- TASK GOAL
Copy exactly, line for line, the part of the listing from the line containing "ここに画像の説明を挿入" through its last line, and nothing else.

- SOURCE MATERIAL

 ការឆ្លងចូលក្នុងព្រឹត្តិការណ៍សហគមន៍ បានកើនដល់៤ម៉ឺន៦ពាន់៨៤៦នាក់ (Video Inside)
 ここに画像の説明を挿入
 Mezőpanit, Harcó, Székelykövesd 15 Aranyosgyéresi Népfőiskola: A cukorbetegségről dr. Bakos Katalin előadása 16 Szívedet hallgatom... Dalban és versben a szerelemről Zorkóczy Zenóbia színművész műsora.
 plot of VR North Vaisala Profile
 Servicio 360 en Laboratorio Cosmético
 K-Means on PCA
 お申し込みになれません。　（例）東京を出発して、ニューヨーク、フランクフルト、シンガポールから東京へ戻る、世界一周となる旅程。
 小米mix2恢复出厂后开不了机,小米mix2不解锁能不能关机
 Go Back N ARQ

- COMPLETED TASK
 ここに画像の説明を挿入
 Mezőpanit, Harcó, Székelykövesd 15 Aranyosgyéresi Népfőiskola: A cukorbetegségről dr. Bakos Katalin előadása 16 Szívedet hallgatom... Dalban és versben a szerelemről Zorkóczy Zenóbia színművész műsora.
 plot of VR North Vaisala Profile
 Servicio 360 en Laboratorio Cosmético
 K-Means on PCA
 お申し込みになれません。　（例）東京を出発して、ニューヨーク、フランクフルト、シンガポールから東京へ戻る、世界一周となる旅程。
 小米mix2恢复出厂后开不了机,小米mix2不解锁能不能关机
 Go Back N ARQ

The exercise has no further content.